I almost have a strict pull up.
We’re almost ready to compete.
I’m almost certain I know the answer.
I’m almost ready to buy a house.
The struggle of the almost. Right now, most of my life feels like almost. I haven’t yet arrived, but it seems close enough; at least close enough to keep me simultaneously frustrated and hopeful. My soccer team is almost ready to play with the big dogs. My reading goals are almost complete. I have almost attained a strict pull up. I’m almost ready to buy a house.
On good days, almost is encouraging. Almost reminds me how far I’ve come. Almost tells me these goals and dreams were big enough and worthy of pursuit.
On bad days, almost is hopeless. Almost reminds me I’m not there yet. Almost tells me I’ll never be good enough. Almost whispers and shouts my fears and inadequacies until I can’t take it anymore.
On good days and bad, almost focuses on me. How do I measure up? How am I performing? What skills and talents do I need to leverage? Who approves of me?

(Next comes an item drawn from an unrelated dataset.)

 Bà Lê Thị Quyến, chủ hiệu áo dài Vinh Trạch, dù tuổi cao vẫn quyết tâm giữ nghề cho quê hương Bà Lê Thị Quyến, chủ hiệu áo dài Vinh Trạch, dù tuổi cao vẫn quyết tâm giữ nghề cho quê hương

The lie of the almost is the belief that it ends. When we live our lives focused on ourselves and our strengths, weaknesses, accomplishments, and failures then we will never measure up. We will never arrive. We will never have all of the answers.
I think what I, and we, am chasing is shalom. The deep and abiding wholeness that can only come from God. Success, balance, and accomplishments are mere shadows of the rest and satisfaction resulting from satisfaction in God.
I love goals. I love achieving “things” and I will continue to set big goals for myself and work to achieve them. I would still go so far as to say I need goals to live a healthy life. However, I must be willing to live in the almost because I know that is where God reveals Himself abundantly sufficient. Though the sorrows may last for the night, joy comes in the almost. Or something like that.
Almost reminds me I am inadequate. I am weak. I do not measure up. God tells me he is sufficient. He is strong. He is perfect. My almost is his already done.